(Short text fragments from websites)
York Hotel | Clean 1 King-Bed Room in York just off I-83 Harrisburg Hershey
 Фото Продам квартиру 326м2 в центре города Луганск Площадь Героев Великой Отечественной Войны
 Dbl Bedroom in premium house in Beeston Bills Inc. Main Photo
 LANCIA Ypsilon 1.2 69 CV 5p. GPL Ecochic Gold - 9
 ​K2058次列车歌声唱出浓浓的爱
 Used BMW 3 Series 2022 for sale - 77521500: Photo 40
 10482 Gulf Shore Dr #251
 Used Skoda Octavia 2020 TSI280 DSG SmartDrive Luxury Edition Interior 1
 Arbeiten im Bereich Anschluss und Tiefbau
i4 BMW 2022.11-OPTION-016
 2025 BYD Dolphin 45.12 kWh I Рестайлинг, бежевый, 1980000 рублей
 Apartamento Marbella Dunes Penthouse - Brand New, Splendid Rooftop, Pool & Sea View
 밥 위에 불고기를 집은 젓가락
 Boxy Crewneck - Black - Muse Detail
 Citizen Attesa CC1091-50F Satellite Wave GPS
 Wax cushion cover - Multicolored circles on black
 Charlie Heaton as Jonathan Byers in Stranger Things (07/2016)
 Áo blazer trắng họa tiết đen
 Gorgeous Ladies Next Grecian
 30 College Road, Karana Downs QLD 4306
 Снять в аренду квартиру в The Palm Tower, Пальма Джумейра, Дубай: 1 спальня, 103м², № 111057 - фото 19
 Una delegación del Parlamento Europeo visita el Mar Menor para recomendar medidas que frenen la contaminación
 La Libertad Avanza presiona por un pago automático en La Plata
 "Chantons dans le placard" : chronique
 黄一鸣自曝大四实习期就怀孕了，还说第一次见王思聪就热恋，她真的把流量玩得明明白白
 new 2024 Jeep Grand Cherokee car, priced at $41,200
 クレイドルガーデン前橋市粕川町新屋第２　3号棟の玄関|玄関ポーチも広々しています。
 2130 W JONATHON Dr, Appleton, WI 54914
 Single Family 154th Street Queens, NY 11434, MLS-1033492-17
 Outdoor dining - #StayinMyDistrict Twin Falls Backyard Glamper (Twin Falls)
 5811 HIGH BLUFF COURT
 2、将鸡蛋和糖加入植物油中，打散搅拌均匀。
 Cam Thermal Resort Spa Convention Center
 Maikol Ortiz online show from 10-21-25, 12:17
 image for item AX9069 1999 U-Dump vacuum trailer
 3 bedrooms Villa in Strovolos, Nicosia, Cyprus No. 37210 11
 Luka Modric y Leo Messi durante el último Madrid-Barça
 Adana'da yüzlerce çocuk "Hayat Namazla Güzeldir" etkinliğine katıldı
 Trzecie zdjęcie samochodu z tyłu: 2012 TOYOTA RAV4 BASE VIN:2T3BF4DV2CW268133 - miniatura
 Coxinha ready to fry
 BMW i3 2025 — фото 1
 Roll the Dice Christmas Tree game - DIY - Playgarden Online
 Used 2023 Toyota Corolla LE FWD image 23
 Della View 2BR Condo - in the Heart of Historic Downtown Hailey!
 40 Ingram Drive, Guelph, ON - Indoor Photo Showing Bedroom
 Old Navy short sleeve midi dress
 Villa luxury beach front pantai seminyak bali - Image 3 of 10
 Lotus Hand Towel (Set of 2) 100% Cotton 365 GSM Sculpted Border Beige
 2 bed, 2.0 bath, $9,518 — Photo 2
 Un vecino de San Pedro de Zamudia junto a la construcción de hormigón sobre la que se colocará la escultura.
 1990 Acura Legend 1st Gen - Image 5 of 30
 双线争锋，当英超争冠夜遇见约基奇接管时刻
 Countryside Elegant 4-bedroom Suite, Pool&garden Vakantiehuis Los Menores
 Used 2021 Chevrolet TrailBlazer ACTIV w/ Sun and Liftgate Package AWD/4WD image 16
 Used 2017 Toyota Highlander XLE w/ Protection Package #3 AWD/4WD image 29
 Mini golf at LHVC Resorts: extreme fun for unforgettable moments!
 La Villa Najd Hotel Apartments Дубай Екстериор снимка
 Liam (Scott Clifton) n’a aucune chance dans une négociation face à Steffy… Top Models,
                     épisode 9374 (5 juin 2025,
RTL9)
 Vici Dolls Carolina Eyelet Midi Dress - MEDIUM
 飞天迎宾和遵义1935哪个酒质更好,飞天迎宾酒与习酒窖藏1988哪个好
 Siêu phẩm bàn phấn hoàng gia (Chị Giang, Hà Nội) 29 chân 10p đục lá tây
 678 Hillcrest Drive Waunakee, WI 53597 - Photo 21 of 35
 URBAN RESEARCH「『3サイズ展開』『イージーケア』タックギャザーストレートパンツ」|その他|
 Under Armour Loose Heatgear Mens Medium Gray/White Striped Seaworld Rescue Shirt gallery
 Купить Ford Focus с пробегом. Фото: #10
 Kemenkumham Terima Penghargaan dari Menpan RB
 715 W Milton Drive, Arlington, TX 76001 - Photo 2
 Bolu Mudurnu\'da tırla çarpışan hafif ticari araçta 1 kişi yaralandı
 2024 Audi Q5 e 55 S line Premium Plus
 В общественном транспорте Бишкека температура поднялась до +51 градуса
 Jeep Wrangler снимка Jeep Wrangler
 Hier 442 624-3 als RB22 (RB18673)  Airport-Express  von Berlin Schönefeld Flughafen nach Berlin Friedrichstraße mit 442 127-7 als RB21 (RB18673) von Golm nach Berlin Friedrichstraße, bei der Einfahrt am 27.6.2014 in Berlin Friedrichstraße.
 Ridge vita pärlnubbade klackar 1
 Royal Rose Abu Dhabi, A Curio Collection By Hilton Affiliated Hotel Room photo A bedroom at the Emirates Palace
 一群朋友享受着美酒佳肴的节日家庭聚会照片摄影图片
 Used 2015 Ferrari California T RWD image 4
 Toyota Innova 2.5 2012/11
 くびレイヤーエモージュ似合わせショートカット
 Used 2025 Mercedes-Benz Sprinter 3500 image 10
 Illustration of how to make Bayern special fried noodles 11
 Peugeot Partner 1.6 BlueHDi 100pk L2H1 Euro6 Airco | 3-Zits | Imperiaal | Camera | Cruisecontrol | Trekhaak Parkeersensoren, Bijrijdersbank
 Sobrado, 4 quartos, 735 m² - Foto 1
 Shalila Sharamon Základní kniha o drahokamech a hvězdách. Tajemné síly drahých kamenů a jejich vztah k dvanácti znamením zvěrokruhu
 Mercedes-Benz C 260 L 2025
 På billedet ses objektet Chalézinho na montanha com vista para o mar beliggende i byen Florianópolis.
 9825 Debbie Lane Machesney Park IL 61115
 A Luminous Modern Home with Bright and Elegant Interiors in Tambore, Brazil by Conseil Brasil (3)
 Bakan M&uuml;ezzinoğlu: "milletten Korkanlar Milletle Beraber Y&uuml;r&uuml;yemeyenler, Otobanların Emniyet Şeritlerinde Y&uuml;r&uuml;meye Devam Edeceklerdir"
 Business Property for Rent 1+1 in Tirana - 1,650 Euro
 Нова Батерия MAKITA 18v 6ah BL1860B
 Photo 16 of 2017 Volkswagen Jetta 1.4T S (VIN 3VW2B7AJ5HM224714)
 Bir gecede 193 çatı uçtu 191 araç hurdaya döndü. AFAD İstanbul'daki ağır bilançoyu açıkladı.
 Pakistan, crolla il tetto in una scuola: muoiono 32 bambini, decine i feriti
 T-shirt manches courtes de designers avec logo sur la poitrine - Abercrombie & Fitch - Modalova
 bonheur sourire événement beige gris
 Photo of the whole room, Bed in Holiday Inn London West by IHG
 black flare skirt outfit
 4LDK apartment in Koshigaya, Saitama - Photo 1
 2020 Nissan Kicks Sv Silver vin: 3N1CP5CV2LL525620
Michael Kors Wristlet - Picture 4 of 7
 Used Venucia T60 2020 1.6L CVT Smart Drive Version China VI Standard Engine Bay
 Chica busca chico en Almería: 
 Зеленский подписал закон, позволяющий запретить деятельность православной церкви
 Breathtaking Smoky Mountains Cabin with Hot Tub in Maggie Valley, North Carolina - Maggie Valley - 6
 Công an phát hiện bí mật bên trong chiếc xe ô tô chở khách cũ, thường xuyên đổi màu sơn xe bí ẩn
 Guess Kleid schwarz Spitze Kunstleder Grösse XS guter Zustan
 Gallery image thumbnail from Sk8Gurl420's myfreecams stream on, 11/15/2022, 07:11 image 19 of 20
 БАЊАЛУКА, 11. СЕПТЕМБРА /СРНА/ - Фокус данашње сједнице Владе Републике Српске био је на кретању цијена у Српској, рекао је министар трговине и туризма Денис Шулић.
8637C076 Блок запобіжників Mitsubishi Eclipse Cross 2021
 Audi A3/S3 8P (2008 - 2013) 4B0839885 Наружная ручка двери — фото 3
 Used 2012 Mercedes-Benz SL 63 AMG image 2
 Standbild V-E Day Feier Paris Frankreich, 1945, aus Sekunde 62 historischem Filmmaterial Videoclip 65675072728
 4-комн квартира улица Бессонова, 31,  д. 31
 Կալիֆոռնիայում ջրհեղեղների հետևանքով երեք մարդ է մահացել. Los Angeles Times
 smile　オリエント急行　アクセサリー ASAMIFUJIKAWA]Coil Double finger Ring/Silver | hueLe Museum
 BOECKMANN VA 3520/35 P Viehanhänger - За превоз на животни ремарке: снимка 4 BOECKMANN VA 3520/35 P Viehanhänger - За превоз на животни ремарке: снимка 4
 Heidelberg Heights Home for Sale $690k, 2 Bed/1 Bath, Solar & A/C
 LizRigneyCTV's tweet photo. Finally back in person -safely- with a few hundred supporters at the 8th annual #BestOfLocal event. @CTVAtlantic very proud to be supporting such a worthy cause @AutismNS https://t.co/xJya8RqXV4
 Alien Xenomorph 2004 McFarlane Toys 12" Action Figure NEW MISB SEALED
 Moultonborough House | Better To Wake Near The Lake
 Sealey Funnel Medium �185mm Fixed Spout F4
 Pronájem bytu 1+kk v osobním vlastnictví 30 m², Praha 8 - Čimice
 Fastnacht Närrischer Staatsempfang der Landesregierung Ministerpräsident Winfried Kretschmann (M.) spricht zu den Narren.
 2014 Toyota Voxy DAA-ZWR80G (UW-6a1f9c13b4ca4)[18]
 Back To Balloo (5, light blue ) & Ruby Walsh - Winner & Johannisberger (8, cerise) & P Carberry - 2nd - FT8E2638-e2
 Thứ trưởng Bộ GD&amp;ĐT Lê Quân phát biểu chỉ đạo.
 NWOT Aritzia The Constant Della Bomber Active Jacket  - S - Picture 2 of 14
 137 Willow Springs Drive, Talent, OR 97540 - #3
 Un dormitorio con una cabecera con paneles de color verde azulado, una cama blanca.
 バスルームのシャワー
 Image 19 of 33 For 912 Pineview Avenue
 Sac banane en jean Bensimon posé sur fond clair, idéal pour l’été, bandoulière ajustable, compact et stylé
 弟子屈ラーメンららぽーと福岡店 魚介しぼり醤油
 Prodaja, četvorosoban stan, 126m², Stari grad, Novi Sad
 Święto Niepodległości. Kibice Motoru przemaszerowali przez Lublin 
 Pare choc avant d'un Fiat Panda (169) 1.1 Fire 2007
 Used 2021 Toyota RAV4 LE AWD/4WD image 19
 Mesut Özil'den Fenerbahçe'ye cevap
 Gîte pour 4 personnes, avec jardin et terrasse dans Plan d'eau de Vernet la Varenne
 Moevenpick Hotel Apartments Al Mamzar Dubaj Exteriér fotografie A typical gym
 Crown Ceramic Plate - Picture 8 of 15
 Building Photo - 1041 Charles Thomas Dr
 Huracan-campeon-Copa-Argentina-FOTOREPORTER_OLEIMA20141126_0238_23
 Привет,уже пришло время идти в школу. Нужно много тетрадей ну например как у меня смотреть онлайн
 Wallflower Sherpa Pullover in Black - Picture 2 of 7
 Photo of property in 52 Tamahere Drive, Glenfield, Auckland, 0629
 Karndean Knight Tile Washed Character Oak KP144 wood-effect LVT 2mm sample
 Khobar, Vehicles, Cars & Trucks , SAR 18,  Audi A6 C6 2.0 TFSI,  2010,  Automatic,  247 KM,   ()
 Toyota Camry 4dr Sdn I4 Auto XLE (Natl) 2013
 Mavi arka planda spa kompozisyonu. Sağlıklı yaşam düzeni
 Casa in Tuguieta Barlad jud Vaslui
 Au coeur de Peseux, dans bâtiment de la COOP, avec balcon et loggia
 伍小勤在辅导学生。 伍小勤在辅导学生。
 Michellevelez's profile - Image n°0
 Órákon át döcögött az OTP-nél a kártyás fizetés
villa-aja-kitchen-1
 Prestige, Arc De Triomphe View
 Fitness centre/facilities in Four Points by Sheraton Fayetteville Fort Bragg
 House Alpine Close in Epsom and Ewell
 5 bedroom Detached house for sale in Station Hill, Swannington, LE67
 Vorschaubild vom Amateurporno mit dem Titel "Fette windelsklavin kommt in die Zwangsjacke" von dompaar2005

= Your assignment =
Return, with no change at all, every line in the entries above from the line containing "2130 W JONATHON Dr, Appleton, WI 54914" through the line containing "2、将鸡蛋和糖加入植物油中，打散搅拌均匀。".

= Solution for this problem =
 2130 W JONATHON Dr, Appleton, WI 54914
 Single Family 154th Street Queens, NY 11434, MLS-1033492-17
 Outdoor dining - #StayinMyDistrict Twin Falls Backyard Glamper (Twin Falls)
 5811 HIGH BLUFF COURT
 2、将鸡蛋和糖加入植物油中，打散搅拌均匀。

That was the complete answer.